The French wanted to save Louisbourg, the fall of which they knew would be the first step to the British conquest of Canada. But they could not send a fleet through the English Channel right under the eyes of the British naval headquarters, from which they were themselves expecting an attack. So they tried one from the Mediterranean. But Osborne and Saunders shut the door in their faces at Gibraltar and broke up their Toulon fleet as well. Then the French tried the Bay of Biscay. But Hawke swooped down on the big convoy of supply vessels sheltering at Aix and forced both them and their escorting men-of-war to run aground in order to save themselves from being burnt. Meanwhile large numbers of French farmers and fishermen had to be kept under arms to guard the shores along the Channel. This, of course, was bad for the harvest of both sea and land, on which the feeding of the men at the front so greatly depended. But there was no help for it, as the British fleet was watching its chance to pounce down on the first point left unguarded, and the French fleet was not strong enough to fight it out at sea. St. Malo and Cherbourg were successfully attacked. The only failure was at St. Cast, where a silly old general made mistakes of which a clever French one quickly took advantage.

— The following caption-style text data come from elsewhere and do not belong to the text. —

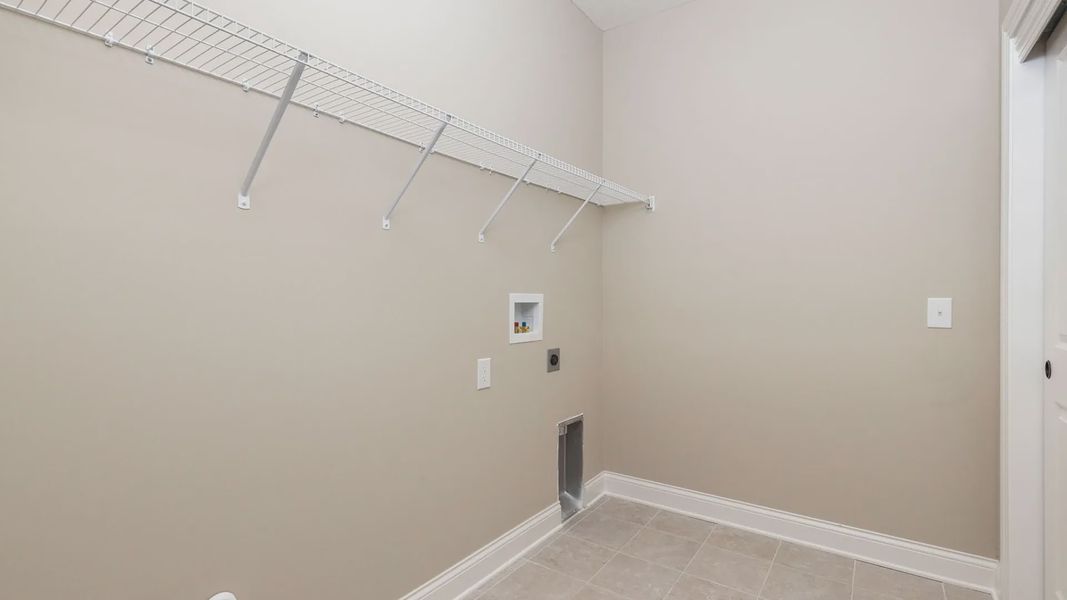 Representative unfurnished interior of a home built from the Capri by Epcon Communities in The Courtyards at Oak Grove, Durham (Image 26).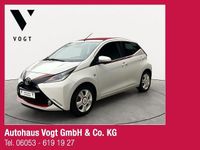 Gebraucht Toyota Aygo 69 PS (50 kW) 2017 Weiß Kleinwagen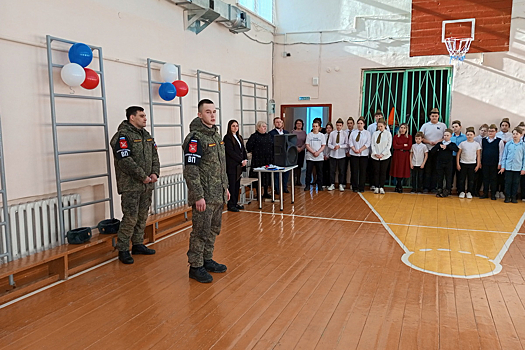 Военные полицейские ЦВО оказали содействие в проведении конкурса «Смотр строя и песни» в одной из свердловских школ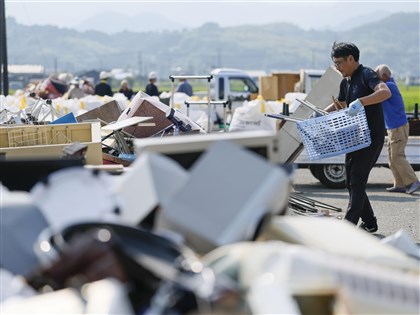 熊本強震滿一週 災民清理大量災害廢棄物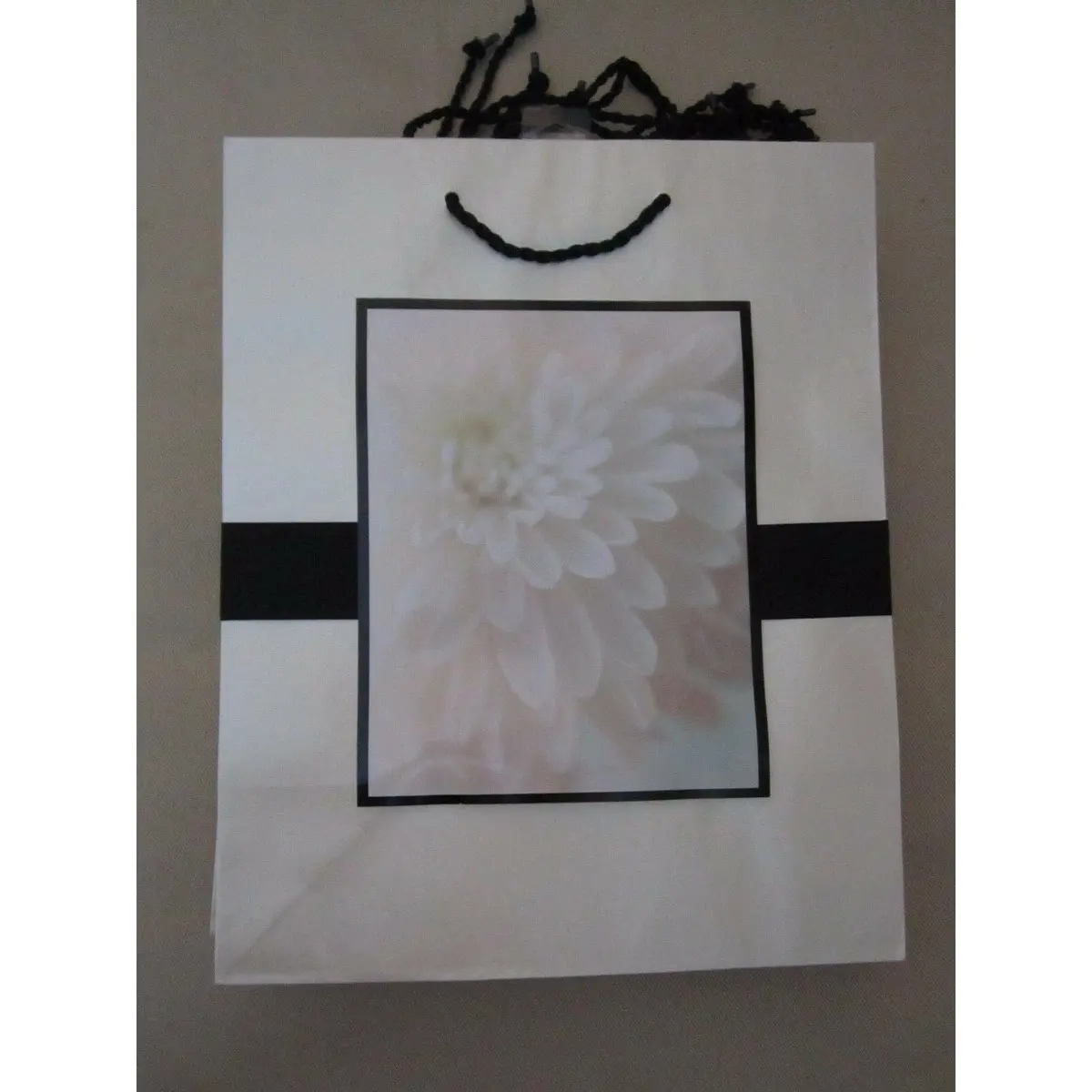 White Flower Hallmark Expressions All Occasion Gift Bag 3D Embellishments Black 1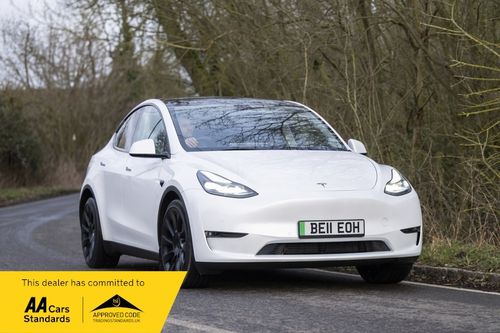 Tesla MODEL  Y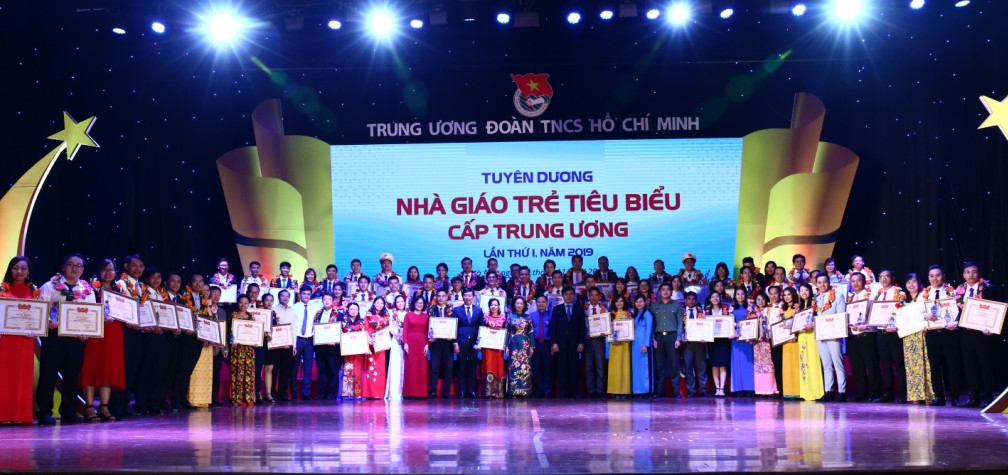 Vinh danh những nhà giáo trẻ tận tâm, cống hiến vì giáo dục ảnh 5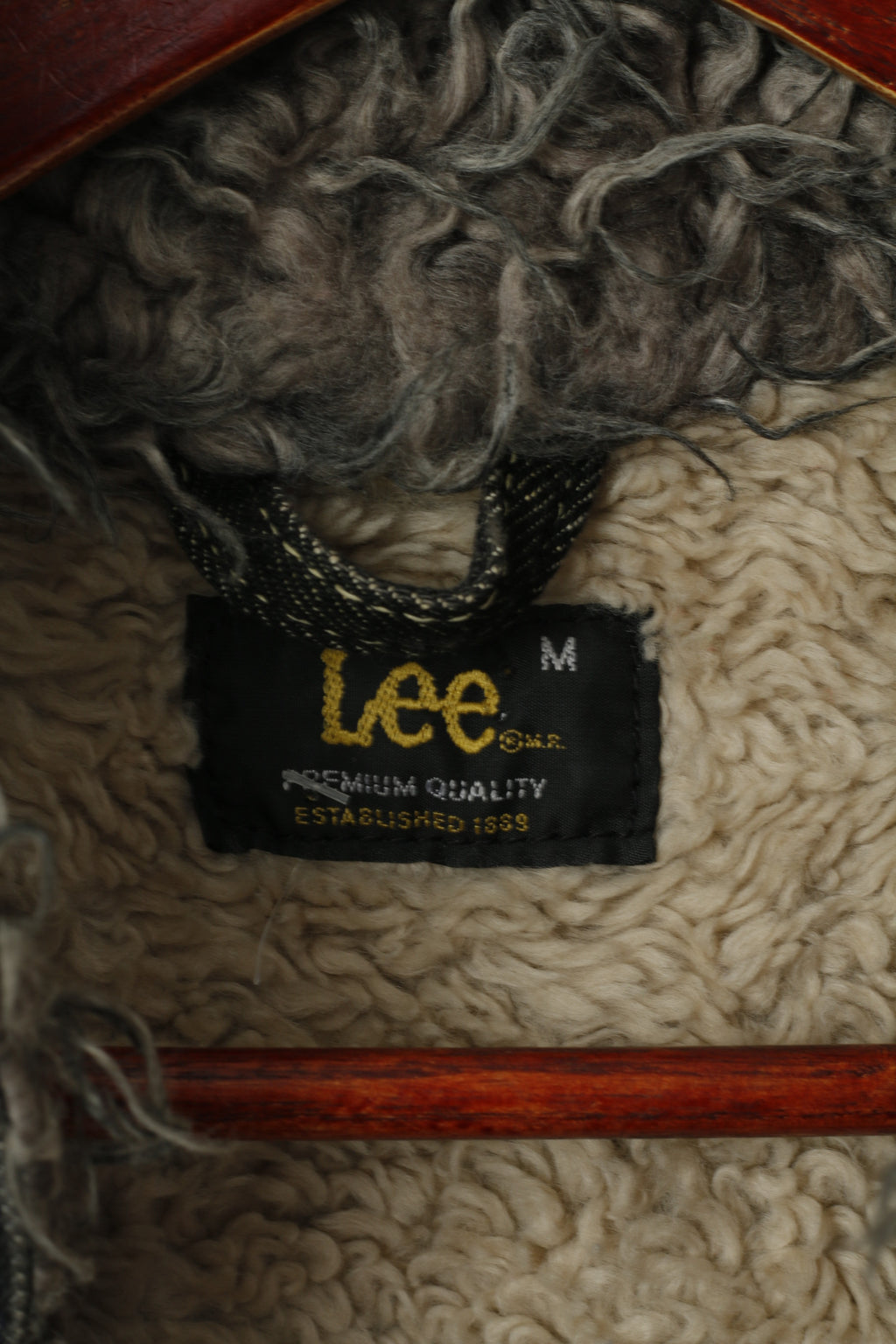 Giacca Lee da donna M. Jeans in denim di cotone grigio. Top corto da camionista foderato in pelliccia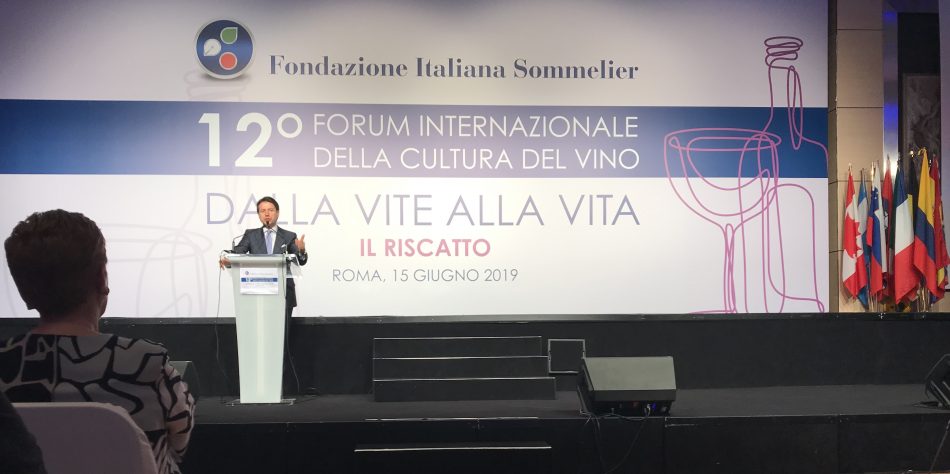 Il premier Giuseppe Conte al Forum della Cultura del Vino di Bibenda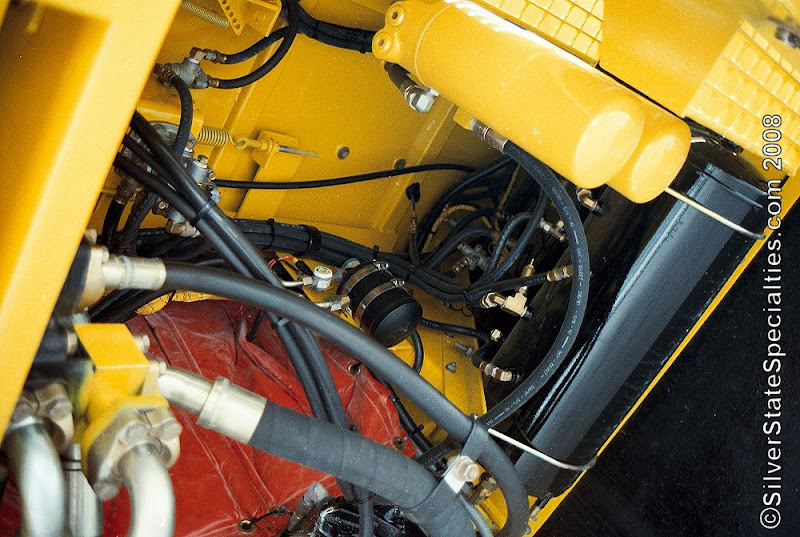 Payhauler350C_01t.jpg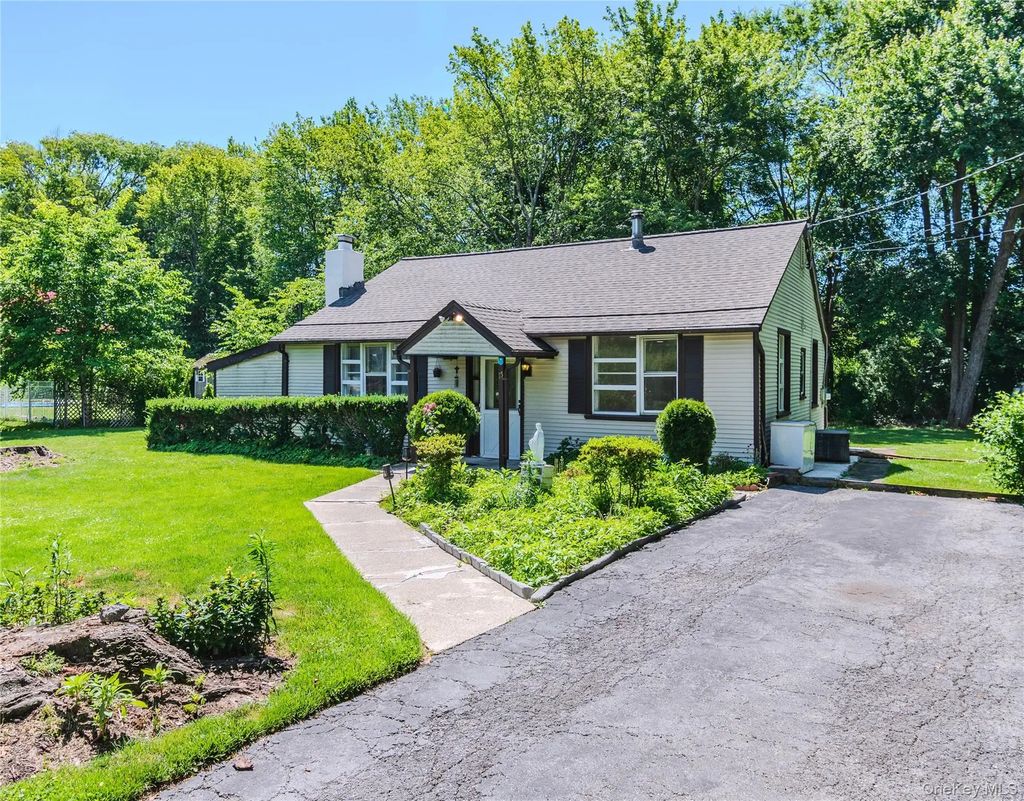 15 Maple Drive, Brewster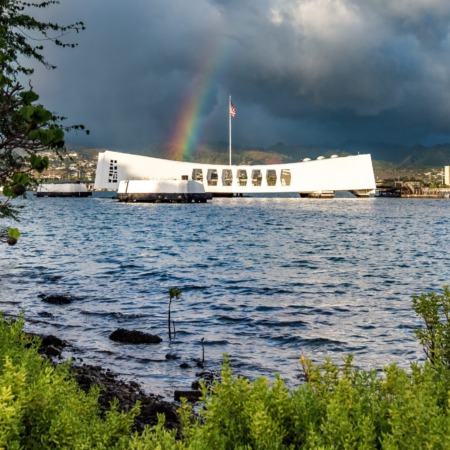 enoatours salute to pearl harbor from ko olina pearl harbor memorial rainbow water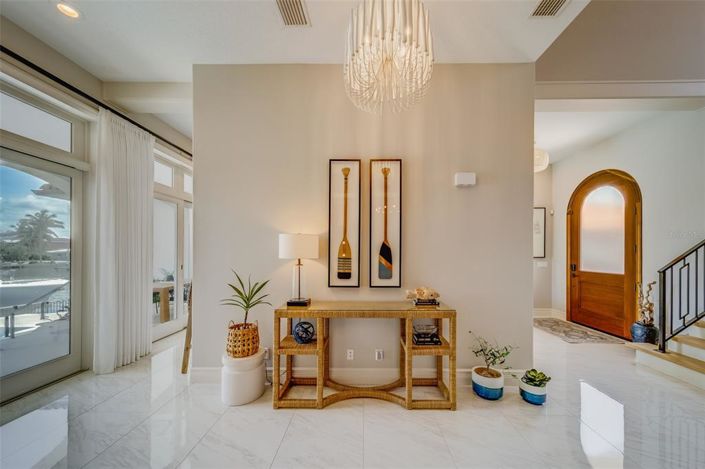 Image No.37-4 Bed Property for sale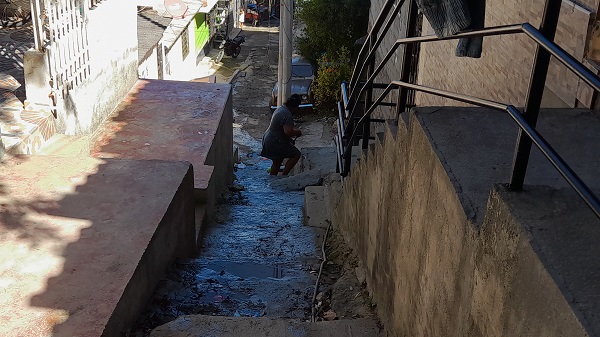 La comunidad dice estar preocupada ya que el agua que se desperdicia a diario es mucha y esta puede abastecer a otras personas. 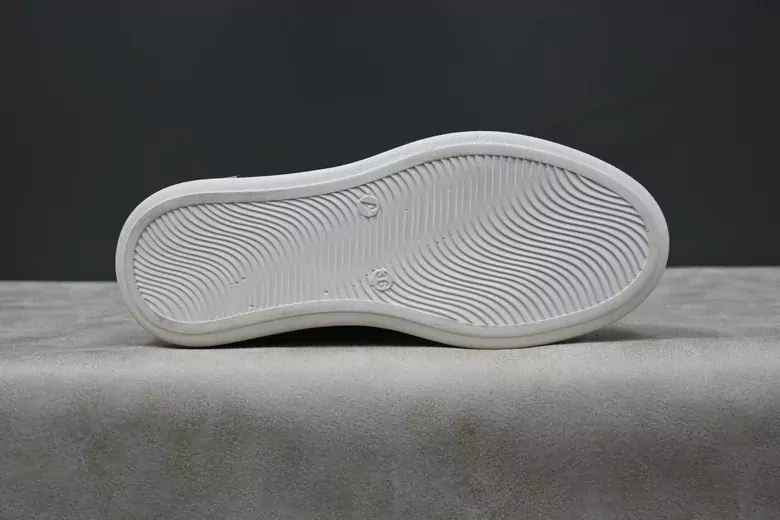 Kadın Kabartmalı Gold Detaylı Spor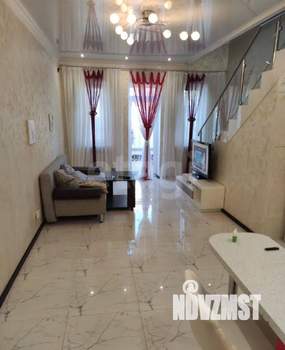 Таунхаус 77м², 2-этажный, участок 1 сот.  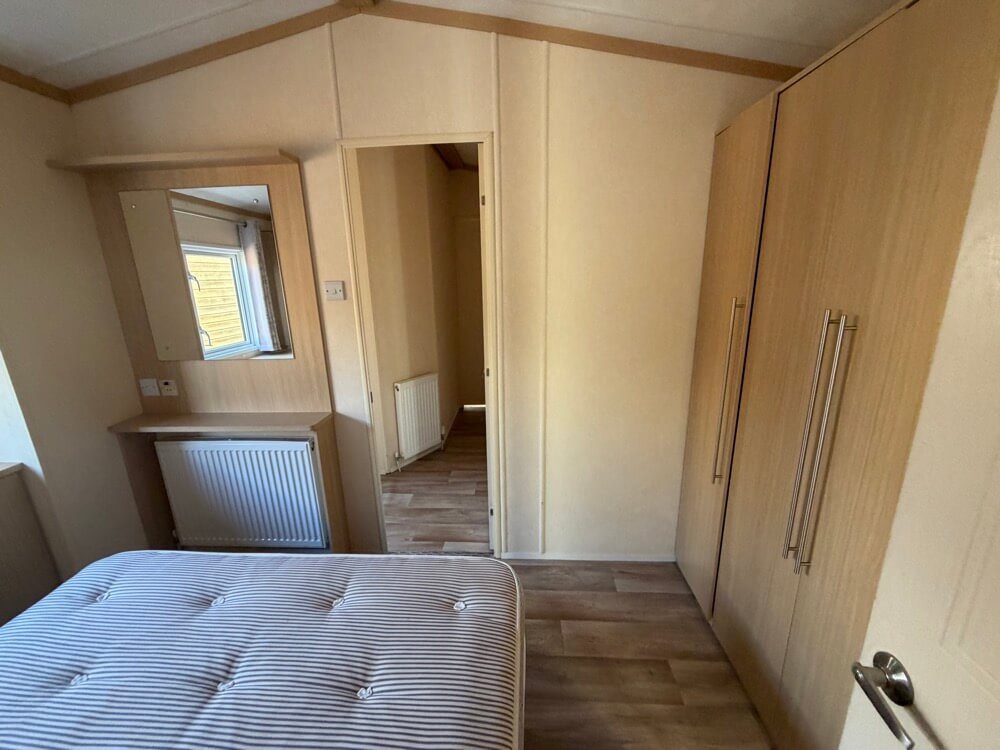 UK 44 2 Bedrooms 42.00 m² 11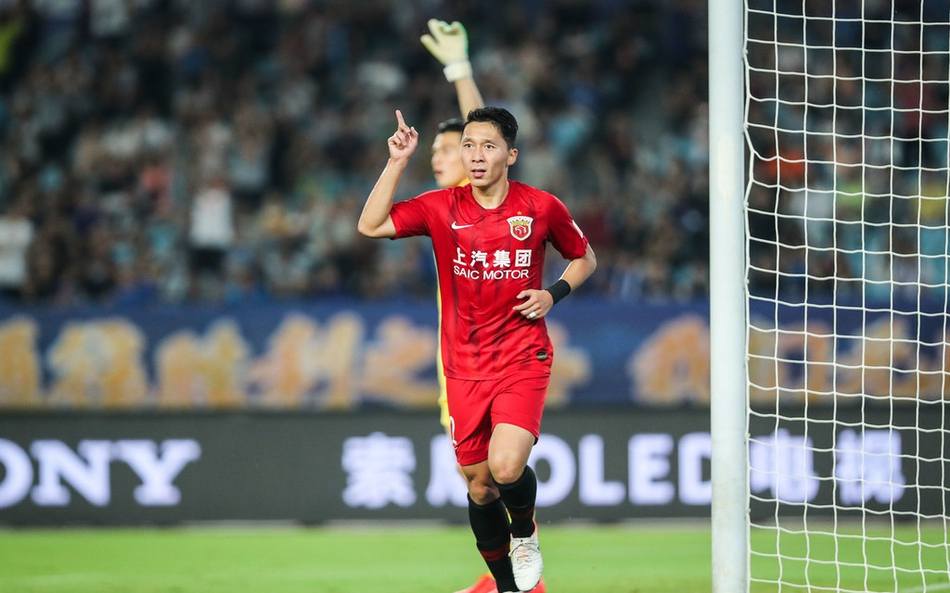 包含上海上港豪取三连胜，稳居积分榜第二的词条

Thus harassed, blockaded, and weakened on every coast, France could do nothing to save Louisbourg, the first link in the long, thin chain of French posts in America, where the fortunes of war were bound to follow the side that had the greater sea-power. No army could fight in America if cut off from Europe; because the powder and shot, muskets and bayonets, cannons and cannon-balls, swords and pistols, all came out from France and England. More than this, the backbone of both armies were the French and British regulars, who also came from France and England. Most of all, fleets were quite as important at Quebec and Montreal as at Louisbourg, for ocean navigation went all those hundreds of miles inland. Beyond these three great points, again, sea-power, of a wholly inland kind, was all-important; for the French lived along another line of waterways—from Montreal, across the Great Lakes, and down the Mississippi to the Gulf of Mexico. You might as well expect an army to march without legs as to carry on a war in America without fleets of sea-going ships and flotillas of inland small craft, even down to the birchbark canoe.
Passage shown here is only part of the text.